Scraped caption text data
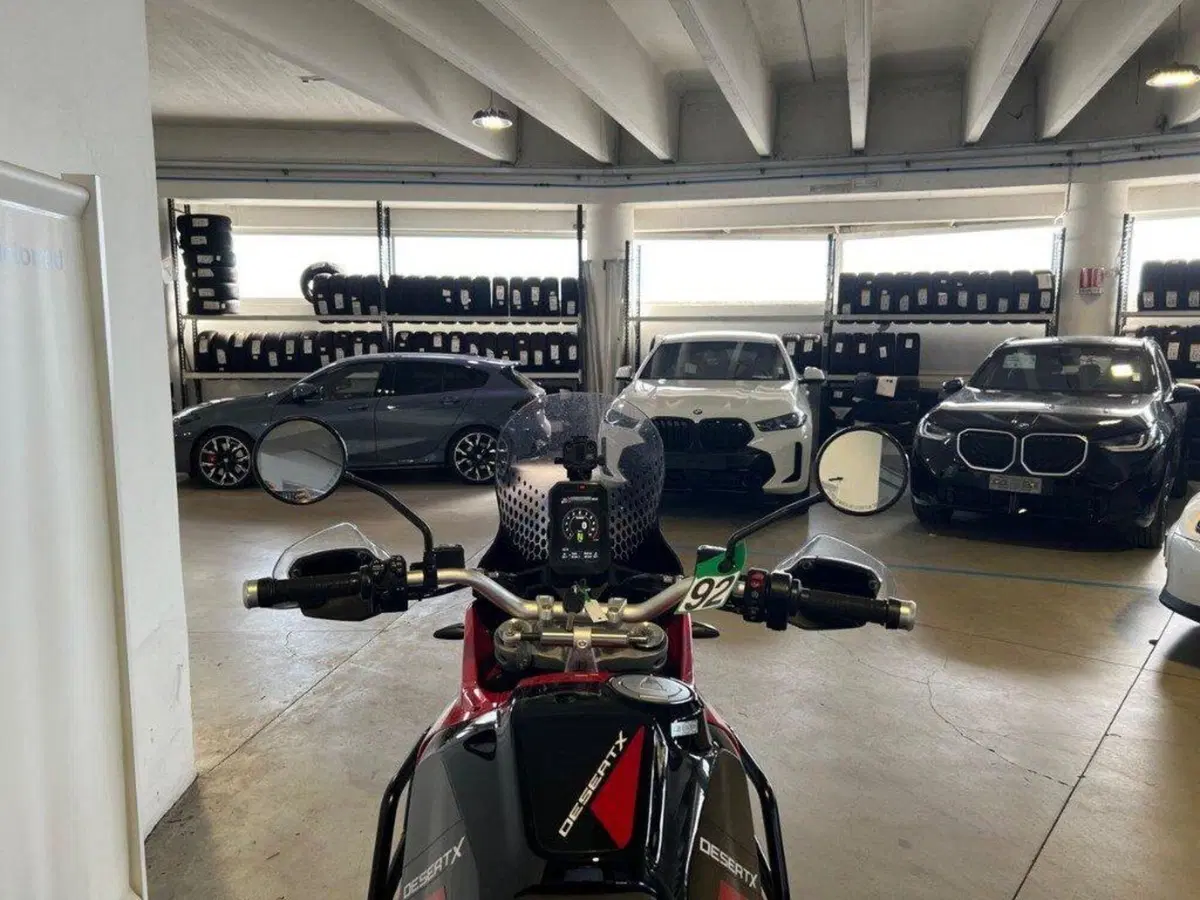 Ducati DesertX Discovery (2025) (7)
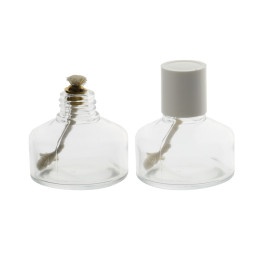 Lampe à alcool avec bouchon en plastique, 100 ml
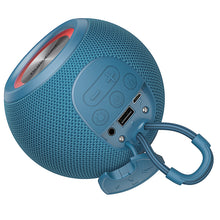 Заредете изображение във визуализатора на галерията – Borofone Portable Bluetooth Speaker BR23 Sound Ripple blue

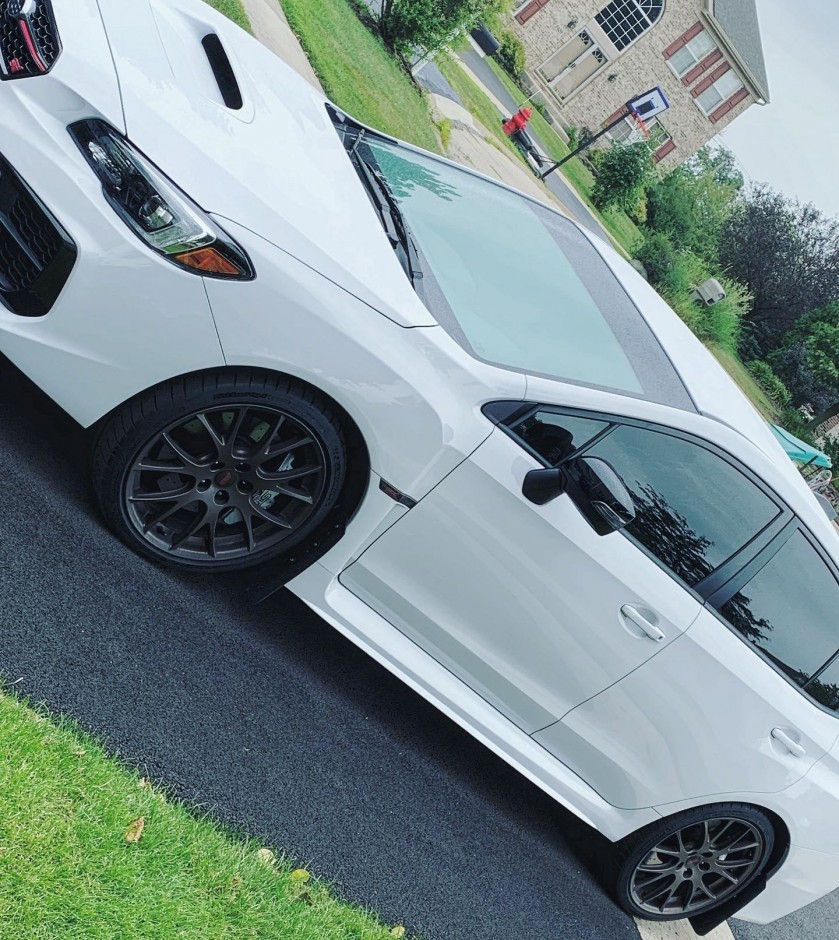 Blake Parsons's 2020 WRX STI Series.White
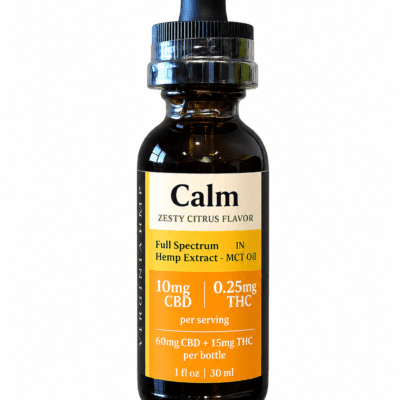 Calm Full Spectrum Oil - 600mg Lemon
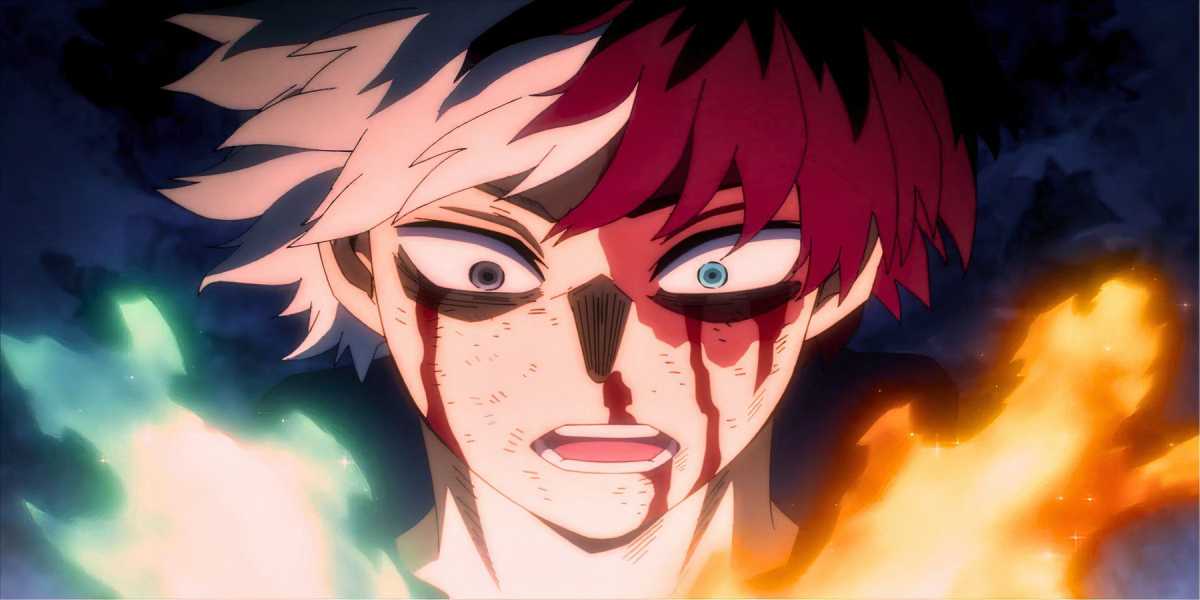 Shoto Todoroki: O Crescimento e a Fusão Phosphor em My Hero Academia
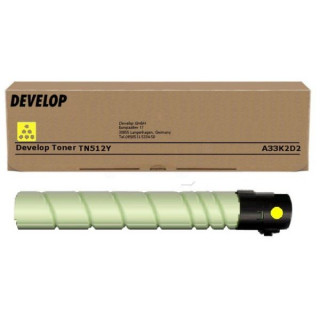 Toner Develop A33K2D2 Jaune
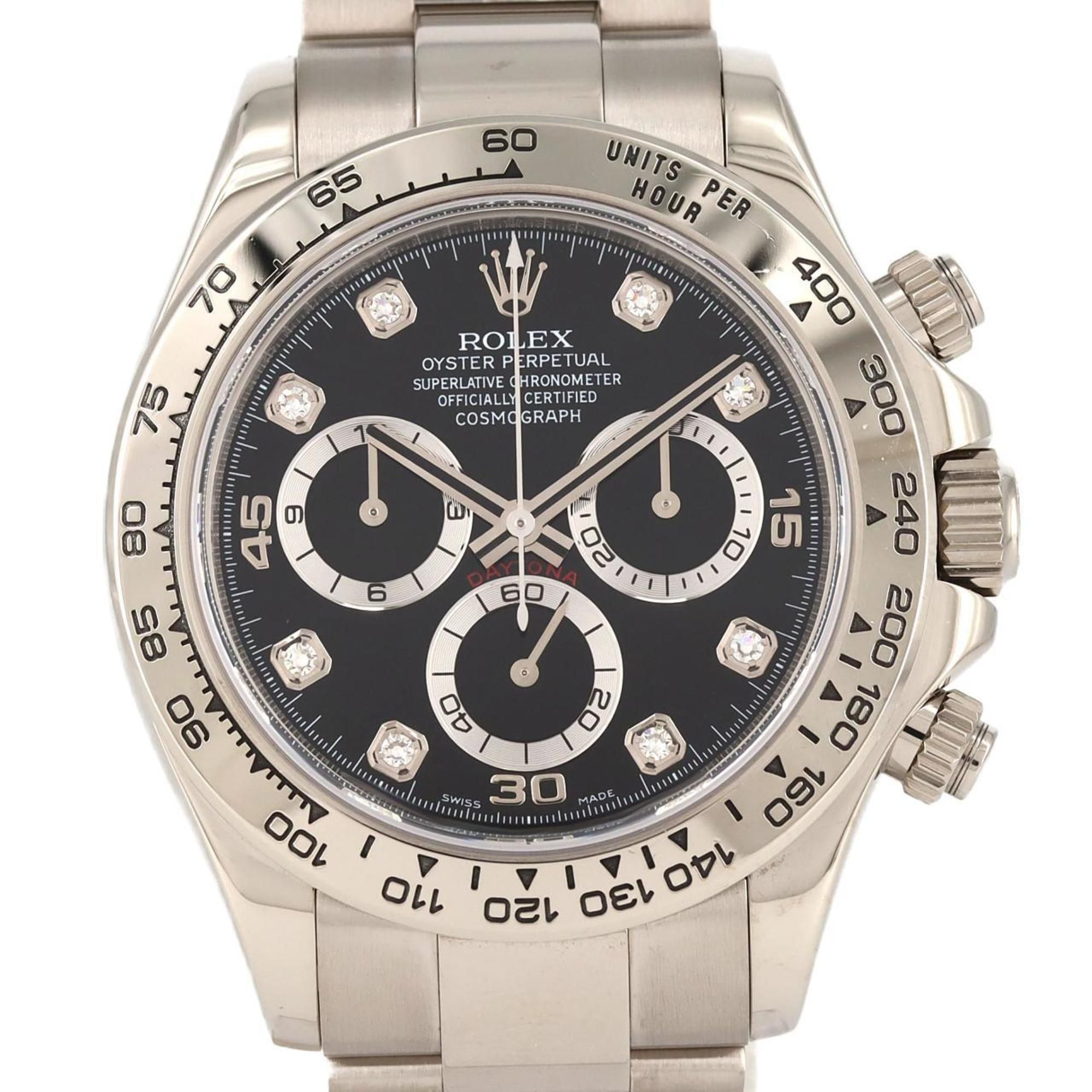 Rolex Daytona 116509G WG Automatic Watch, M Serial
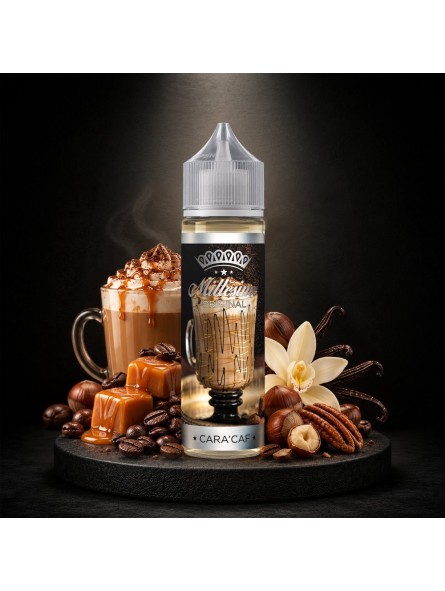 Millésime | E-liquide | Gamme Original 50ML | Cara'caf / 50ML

Work instruction — Restate the entries verbatim and exclude any pictures.

Solved problem —
 Ducati DesertX Discovery (2025) (7)
 Lampe à alcool avec bouchon en plastique, 100 ml
 Заредете изображение във визуализатора на галерията – Borofone Portable Bluetooth Speaker BR23 Sound Ripple blue

 Blake Parsons's 2020 WRX STI Series.White
 Calm Full Spectrum Oil - 600mg Lemon
 Shoto Todoroki: O Crescimento e a Fusão Phosphor em My Hero Academia
 Toner Develop A33K2D2 Jaune
 Rolex Daytona 116509G WG Automatic Watch, M Serial
 Millésime | E-liquide | Gamme Original 50ML | Cara'caf / 50ML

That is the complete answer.